After 40 years of awarding contracts to the private sector, insourcing is now the way for local authorities to cut costs and improve quality
After 40 years of awarding contracts to the private sector, insourcing
is now the way for local authorities to cut costs and improve quality. 78% of local authorities believe insourcing gives them more flexibility, two-thirds say it also saves money, and more than half say it has improved the quality of the service while simplifying how it is managed.
The Labour party has pledged that under a Labour government all frontline services would be provided by the public sector, from railways to social care.
Even the Conservative government has been forced to look again at outsourcing, renationalising probation services after outsourcing them disastrously failed.
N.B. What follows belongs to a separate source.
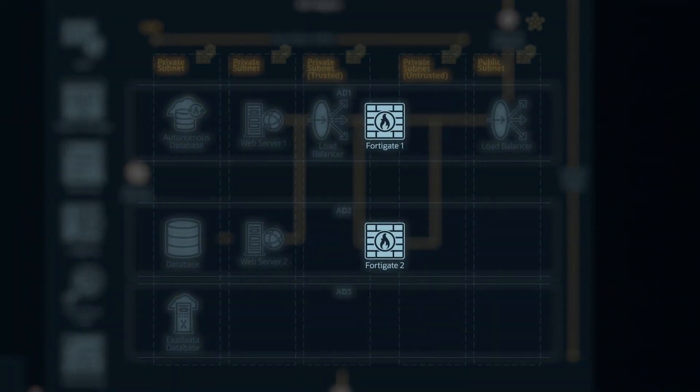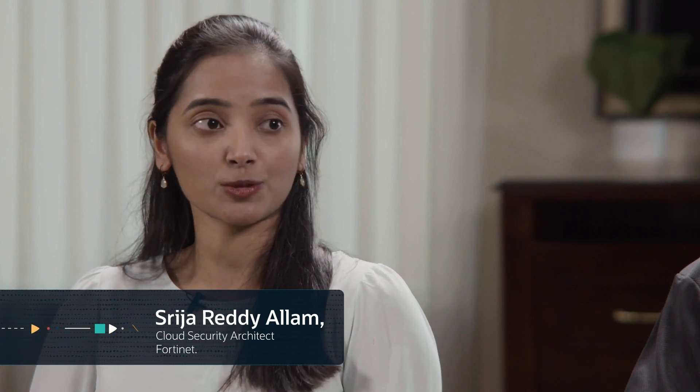We have various customers who use hub-and-spoke models, and it all depends on how many workloads they want to protect. The Fortinet cluster — whether it's in HA active-passive or HA active-active — sits in the hub VCN. All traffic going to the internet, to on-premises, or between the spokes goes through the DRG and then to the internal load balancer and to the NVAs, which are the FortiGates.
And in the NHS, the cervical cancer screening programme for England will be brought back into the health service later this year, after Capita failed to send more than 40,000 women screening invitations and reminder letters to have a smear test.
“The rise in insourcing shows that commissioners are being forced to recognise this. Not all contracts display problems, but experience now shows that the risk is high.'
For many public sector bodies, bringing services back in-house is increasingly a pragmatic way to cut costs and improve quality. “On its own, it is not an absolute panacea, but there are significant advantages to bringing services back in-house,” says John Tizard, a former Capita executive and now a strategic adviser on public services.